Do make sure the HDMI ports are working as well as the bluetooth and ethernet.

That's a dining table up top yes ?, looked like a pool table and if so be careful on placement.


----------



## steen (Apr 19, 2019)

jmcslob said:


> Because the rear walls are concrete I decided to build a sealed subwoofer as the added distortion that a ported sub has simply muds up the sound too much imo.



You're holding your sub wrong. Sealed IB vs ported debate is more a continuum of output. Rear concrete walls & ported = added distortion = muds up the sound => non sequitur.


----------



## AsRock (Apr 19, 2019)

steen said:


> You're holding your sub wrong. Sealed IB vs ported debate is more a continuum of output. Rear concrete walls & ported = added distortion = muds up the sound => non sequitur.



He may like that " SOUND ", what sounds good to one probably don't to another.



thebluebumblebee said:


> So you're not looking to be an audiophile, you just want to listen to music no matter where you are in those (connected) spaces.  That looks like 2 zones to me, but that's about the extent of my knowledge.  Although, you're most likely trying to have a nice audio system to watch movies with and in-wall or ceiling speakers in the other rooms???
> 
> This is what you're going to hear from audiophiles, that this brand sounds better than another to them, and this is especially true of speakers.  I like speakers with a strong mid-range and that is why I'm still using Polk Monitor 10's.  The opposite end of the spectrum for me are Klipsch speakers which are too bright, have too much bass (although they're short of being "boomy") and are very weak in the mid-range.
> 
> ...



WOW really, he may not be looking for audiophile sound which is why i said the items i did.  I know he's not audiophile as he likes bose ( J\K ).  And to say there is not sound difference of the Yamaha, Onkyo, NAD, Pioneer, Cambridge or any thing in the lower than 1k range or even $500 is just plain ignorant.

I hear the difference very clearly. Boomy systems is normally due to bad speaker\sub placement if the speaker don't suck in the first place.


----------



## Deleted member 67555 (Apr 19, 2019)

Ok without going overboard on anything and looking for a system to accomplish everything modern...
https://www.parts-express.com/dayton-audio-sub-800-8-80-watt-powered-subwoofer--300-627
https://www.parts-express.com/onkyo...er-a-v-receiver-with-bluetooth-155w--252-540#!
https://www.parts-express.com/dayto...-tower-speaker-pair-with-amt-tweeter--300-654
$500 shipped.

really nice prices on whole speaker sets 
https://www.parts-express.com/cat/home-theater-speaker-systems/93


----------



## BarbaricSoul (Apr 19, 2019)

AsRock said:


> Looks like their are stairs on the rear right which might be placement challenge and maybe even more so for the right side. Their is a zone to for speaker placement else were which will give you some experimenting to do.

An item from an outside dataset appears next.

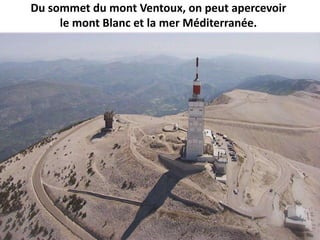 Histoire du mont_ventoux131-2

Yes, that's the stairs. Audio system placement would probably be between the TV (wall mounted) and the coaxial cable hook up you see in the pic. 



AsRock said:


> That's a dining table up top yes ?, looked like a pool table and if so be careful on placement.



dining room table down stairs, pool table upstairs


----------



## AsRock (Apr 19, 2019)

Well get a system and trail and error, I am a little concerned with the room being very open and what you actually want out of it. How ever you look at it it be a load better than a TV speaker.

Why i was on about if that was a pool table or not to make sure no one puts a pool cue though it.

The small Advent's mini might not be enough but again it all depends on what you be happy with and they could take a pool cue hitting them as they have a metal grills,

No one you can borrow any gear from ?, so you could get a much better idea if you be happy with ?.


----------



## BarbaricSoul (Apr 19, 2019)

About the pool cue concern: Eh, the majority of people that play here I would say are above average skill wise. I've had a table up there for over 5 years, and have yet to have any damage from a flying pool ball. Granted, the occasional drunk chic plays, but that table prefers slow easy shots to hard shots, and we preach that when playing. BTW, here's the table ready for break-





Five years and we haven't lost a window yet.  

Sadly, no. All my friends either just have a blue tooth soundbar or something like Alexa that they use for music.


----------



## BarbaricSoul (Jun 1, 2019)

started assembling my system today, picked up a Onkyo TX SR608 receiver (with remote, set up mic, and manual) and a pair of Yamaha NS-A1638 speakers. Not bad for only $130


----------



## AsRock (Jun 1, 2019)

Cool, it's a start , only way found out if you like them right In the rabbit hole you go .  Be aware of the top of the unit might get a little hot, personally i use a 180mm fan on a USB hub and does the job well which i got mine from bay $20 for 4 of them.

EnJoy.


----------



## BarbaricSoul (Jun 1, 2019)

I am liking the receiver. Only things it's missing that I would have liked is bluetooth and 4k capable, but other than that, it's what I was looking for. And for only $80, I can "make do" with it. The speakers are ok, but I'll definitely try a few others. Besides, the receiver is a 7.2 receiver, so yeah, I need more speakers.


----------



## AsRock (Jun 2, 2019)

Yeah never liked any Yamaha, Onkyo, SONY etc brand, their other gear can be awesome but that's were it stops for me.  You could look in to Adding Bluetooth though a module although don't know how good it be.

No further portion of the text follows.